Christophe Ruggia : Mon idée était avant tout de rendre un hommage au film noir, celui des années trente qui a ensuite évolué dans les années soixante-dix qui est l’époque des thrillers politiques et dans laquelle des films comme Macadam Cowboy et Un après-midi de chien m’ont considérablement marqué. On retrouve aussi la forme du film noir dans des œuvres de science-fiction comme Blade Runner et elle s’incarne aujourd’hui dans Drive et dans le cinéma de Michael Mann. Tous ces films s’intéressent à des gens qui sont en marge de la société.

C’est le milieu dont je suis issu, mon père était soudeur à Eurocopter quand j’avais quinze ans dans les années 80. Il vivait continuellement dans la peur de faire partie d’un plan social et d’être mis en pré-retraite. Il n’aurait pas touché un rond et n’aurait pu que survivre dans ces conditions.

J’ai voulu partir de ces personnages que je connais bien pour montrer les dégâts qu’ils vivent de l’intérieur, dans un tel contexte : les histoires d’amour qui explosent, la peur constante des plans sociaux qui se succèdent. Et puis mon film s’est ensuite nourri des effets de la crise de 2008, des affaires politico-financières, l’Angola-Gate, Clearstream. J’ai écrit encore deux versions du scénario pour intégrer tous ces éléments dans la narration.

Clovis, aviez-vous en tête les mêmes références que citait Christophe Ruggia pour incarner votre rôle ?

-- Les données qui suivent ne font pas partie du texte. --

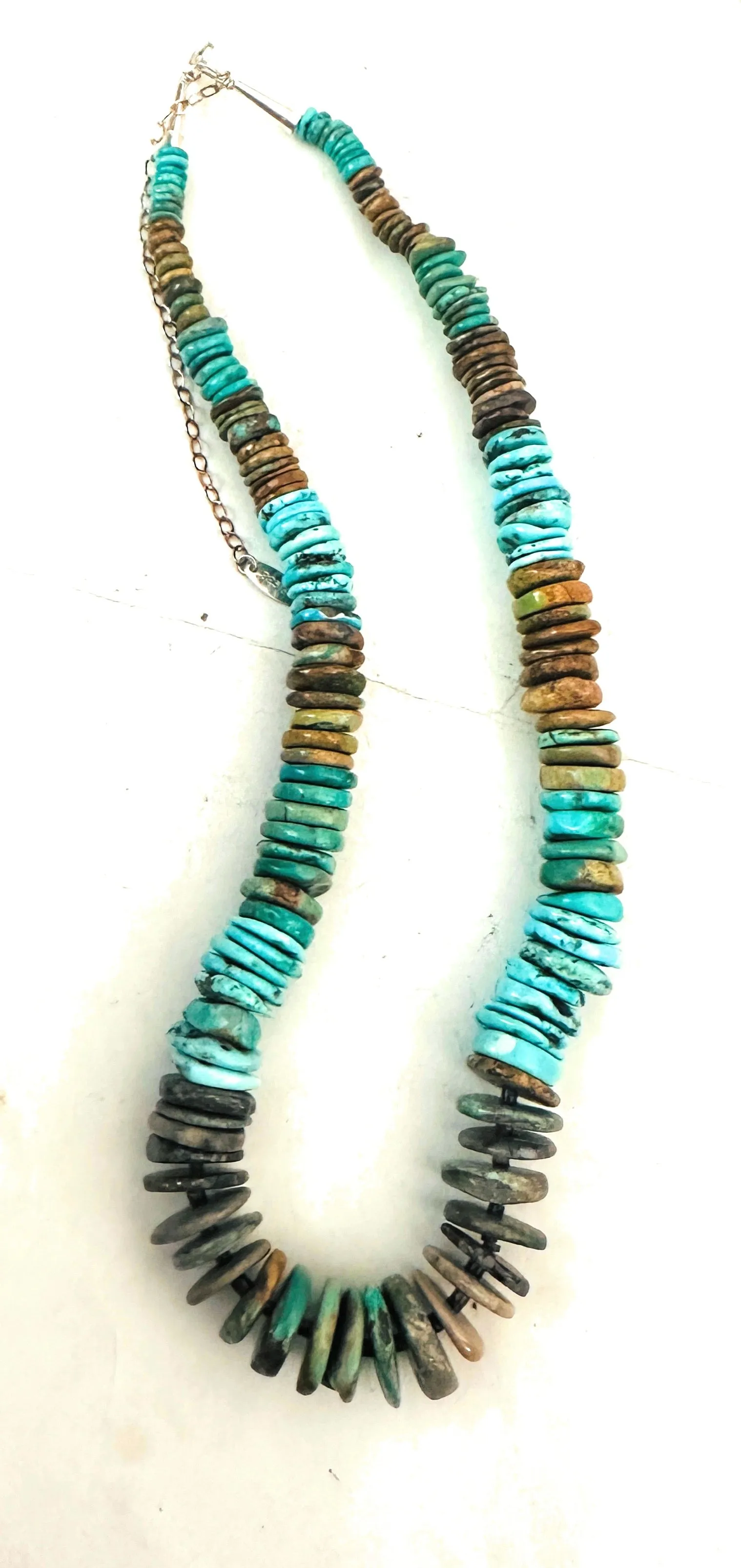 Navajo Turquoise and Sterling Silver Rolled Beaded Necklace 18”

Clovis Cornillac : En tant qu’acteur, je n’essaie pas de trouver des références, c’est après que ces références s’imposent à moi. Je suis d’ailleurs très mauvais imitateur, donc je ne me pose pas cette question de la référence, je ne recherche pas de modèles pour construire le rôle. Le fait d’être acteur c’est aussi être ouvert à tout ce qui se passe autour de vous et le milieu qui est décrit dans le film ne m’est pas étranger. Ensuite, dans la construction du rôle, il y a l’histoire, la rencontre avec le metteur en scène, les partenaires. Et puis surtout, le plus important par dessus tout, il faut que je croie dans le rôle.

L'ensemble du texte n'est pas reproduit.